His suspected death was announced in the Easter 1944 issue of The Griffin:

‘Harry Orme Dooyewaard, of Dutch nationality on his father’s side, was born in England and educated at St. Lawrence College, Ramsgate, where he was a School Prefect and played in his House hockey and rugger teams. He had two years at Downing, and these have been described as the happiest time of his life. His affectionate, open and confiding nature made him a good friend and a good member of a community. He was a rowing man from the start, and presently stroked the First Boat.
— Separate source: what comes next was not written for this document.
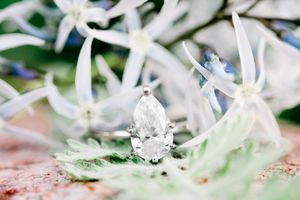 pear shaped engagement ring sitting on rock with pale blue flowers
His latter days at the College were marred by his solicitude for his relatives in German-occupied Holland, and he welcomed the opportunity offered by his double nationality of serving in the Royal Navy in liaison with the Royal Netherlands Navy. This opportunity came to him after nearly three years of hard and perilous work on the lower deck, when, in December 1943, he received his commission. Thereafter he performed duties which do not belong to the chronicle of nations still at war, and met his death on duty. All his many friends, and all who knew him, will deeply mourn the loss of a lovable man, and will join in asking his Family and his relations to accept a tribute of sorrow and sympathy’.

In October 1951, Johannes Dooyewaard, Harry’s father, presented two paintings to the College in his memory. The paintings, ‘A Bali Girl Selling Fruit’ (painted in Bali, 1930-1) and ‘Mongolian Ponies’ (painted in Mongolia, 1926), were painted by Harry’s uncle, Willem Dooyewaard (1892-1980), and originally hung on the walls in the JCR. In early 2019, they were conserved and moved to the newly-refurbished West Lodge function rooms.  

Harry's niece visited the College in August 2019 to view the paintings in their new location and kindly donated a collection of papers, photographs and other items relating to Harry's life and military service to the College Archive. The catalogue for this collection is now available via the University's online archive catalogue, Janus.